The social messages to take control are reinforced by our fear of the unknown (think of all those legends with warnings about what is behind the locked door). On the whole, human beings are not so keen on uncertainty and change (that is, unless we feel in control of the change). To deal with stressful situations one coping mechanism is to try and control as much of our environment as possible.
If we rely on control to feel secure and at ease in this fast paced, ever-changing, stressful world, it is at best a short-term solution. Ultimately, it can only end in tears. Sooner or later we will come up against situations which we cannot control. So it makes sense to start developing a sense of security and ease without the need to control. Our capacity to feel calm amidst uncertainty benefits those we are in relationship with. I think my partner appreciates my efforts to refrain from attempting to control his life. It has taken more time for me to ease off the need to control work situations. In my work collaborating with others, it is unpleasant for all concerned when I am attached to controlling the outcome. Letting go of this attachment is a work in progress. The benefits I experience keep me working at it.
How might mindfulness support us to be comfortable with less control?
An important component of mindfulness is the recognition of the ever changing nature of experience and the world. Through mindfulness meditation, we become aware of the changing nature of body sensations, thoughts and emotions. We observe, acknowledge and allow the experiences that come and go. We don’t seek to control them. This supports us develop an easier relationship with the changing nature of the external world… relationships that come and go; bodies that age; fashion that is fickle; and of course technology that never stays the same. During mindfulness meditation, we learn to relax into the inevitable change that comes with having a body and mind. The alternative, resistance to the natural ebb and flow of experience, is a major drain on our energy.
The mindfulness principle of letting go is also helpful as we learn to loosen our need to control. A lot of our planning is an attempt to have some control over what will unfold in the future. Clearly some planning is necessary but if I think of all the planning I did in my 20s, most of it was time wasted.
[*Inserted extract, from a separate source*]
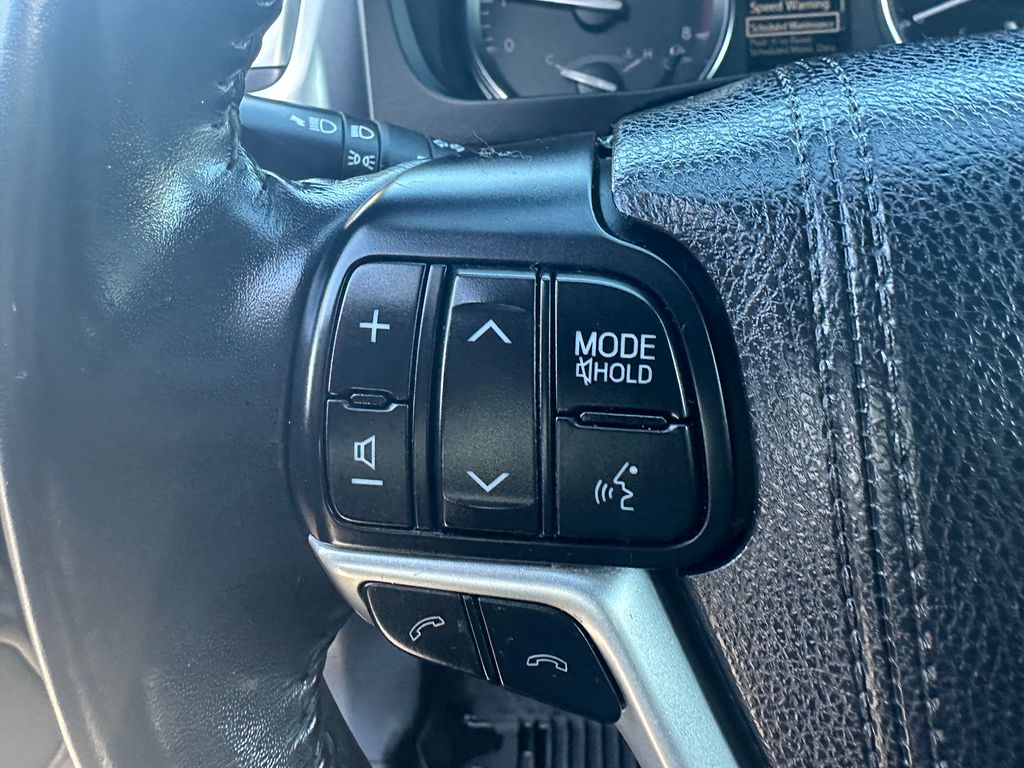 2018 Toyota Highlander XLE photo 16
I planned a future with a man I am no longer married to, a career (law) I have since left and anticipated the presence of friends and family, some of whom have died or moved away. When the planning is accompanied by compulsion, letting go comes into its own.
You might notice that the mind can fixate on the past as well. A lot of our rehashing of the past is an attempt to retrospectively fix up history. In mindfulness meditation, when thoughts of the past or the future arise, we practice letting them go. And the same applies for the emotions that arise. Rather than trying to control our emotions, it is skilful to develop the capacity to acknowledge them and let them be, knowing that these too will pass.
Are there any benefits that you might experience through increasing your tolerance of change and decreasing the need to control? It is worth pondering.
Nothing in this blog is intended to suggest that we stop engaging in our lives actively. What makes the difference is the attitude that we bring with that engagement. If we need to control the outcome, we will regularly be bent out of shape causing suffering to ourselves and others. Steve Armstrong has a great way of putting it: Do your best and let that be good enough.